I think one of the best parts of Anna is her unabashed belief in all things astrology, witchy, or otherworldly. We’ve been trying to decipher what exactly about my sun, moon, and rising could hint at what is growing on and inside of me. We haven’t come up with much, but I do appreciate her trying. 

“Thank you for the reassurance, but I’m not sure I can rationalize this,” I reply, defeatedly. “But thank you for helping me.” I plant a kiss on her cheek, and she responds by squeezing my hand a little tighter.

Astrology, tarot, personality tests, quizzes; what I would not do to have some ten-minute internet poll tell me what is wrong with me. I know the Myers-Briggs test is bullshit, but what does it mean to be more thinking or feeling, if I think the feeling of this growth is unbearable? Journalling each morning just results in an unintelligible string of unrelated thoughts, and my morning tarot card pull just allows me to tie them together with all the grace of a coffee news astrology writer: “today, you may find opportunities for growth.” 


I picked up a mushroom foraging publication from my local used bookstore today. I was killing time when I saw it and was suddenly consumed with a realization that I may have reached some point of no return.

I’m comparing the blurry, unfocused photos on my phone to images I see in the identification book; there are a few species that look somewhat like what I can see in my own bad photography, but I can’t be sure. I’m racked with self-disgust with what I have let happen, but it’s not as if I had any control over this. At least all the species that bear any resemblance to my growth are listed as edible and non-poisonous. I let out a small giggle—I am quite literally foraging my own body, how survivalist of me.

It’s time to see if this thing can be removed. I need to make an investment in the land-trust of my own body and cut something out today to preserve the future. I have located an invasive species. Does it make my body more or less wild to remove a tiny part of its new ecosystem?

Grasping an old hunting knife, given to me by an old relative, I carefully saw at the cluster on my back. The act makes me a little nauseous. I don’t feel any pain, but I ooze disgust that this knife that foreign fingers once held, is now slicing through my own flesh. I can deal with that later, right now I’m on fungi time.

An unexpected curiosity weaves its way into what I hope is my imagination, mingling with whatever spores still lie dormant there. I see mothers sneaking a taste of their own breastmilk and contestants on survival shows eating worms. A pig in a pen eating scraps and the primal urge to lick bare skin. The book did suggest I was cultivating something safe to consume. As if controlled by something else, I place a non-stick pan on the stovetop, turn the dial to medium, and drop a few teaspoons of olive oil inside. 

The caps sizzle in a very normal way and take no longer than a cremini might to cook. I place them on a plate and grab a fork. I am free of thoughts and purely reacting. Cooked on a plate, the growths don’t seem very menacing.
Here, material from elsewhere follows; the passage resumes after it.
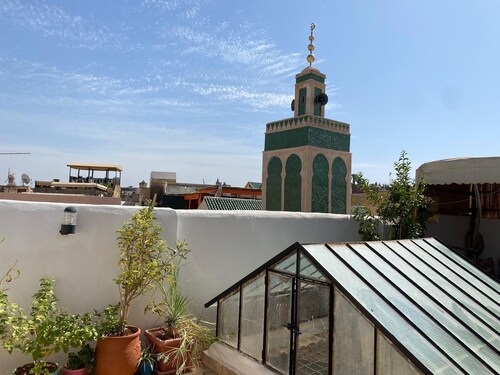 A rare gem ready to rent two minutes from the Porte Bleue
A compartmentalized representation of whatever has been collected and excreted from my body; how beautiful. My therapist would be proud. I stab a small bunch, part my lips, and chew away at a tasteless chunk of fungi. I swallow, and stab another. Bite, chew, and down it goes. It doesn’t take long for the whole plate to disappear. Somehow in this act of vanishing, I realize that I don’t necessarily feel any lighter or heavier for having found, identified, dispatched, and internalized what was parasitizing me. Time to do the dishes.

I’m in no pain, not doubled over and vomiting, no reaction that matches eating something deadly. After drying my hands, I calmly walk over to the bathroom and take a few more awkward photos. I squint at my screen, but there is nothing to see, not even a scar or a bloody mark. It’s like the growth was never there.

I tiptoe back through my creaking house and lie into the nest of my bed. I somehow already know that in the morning, I will feel something burning again.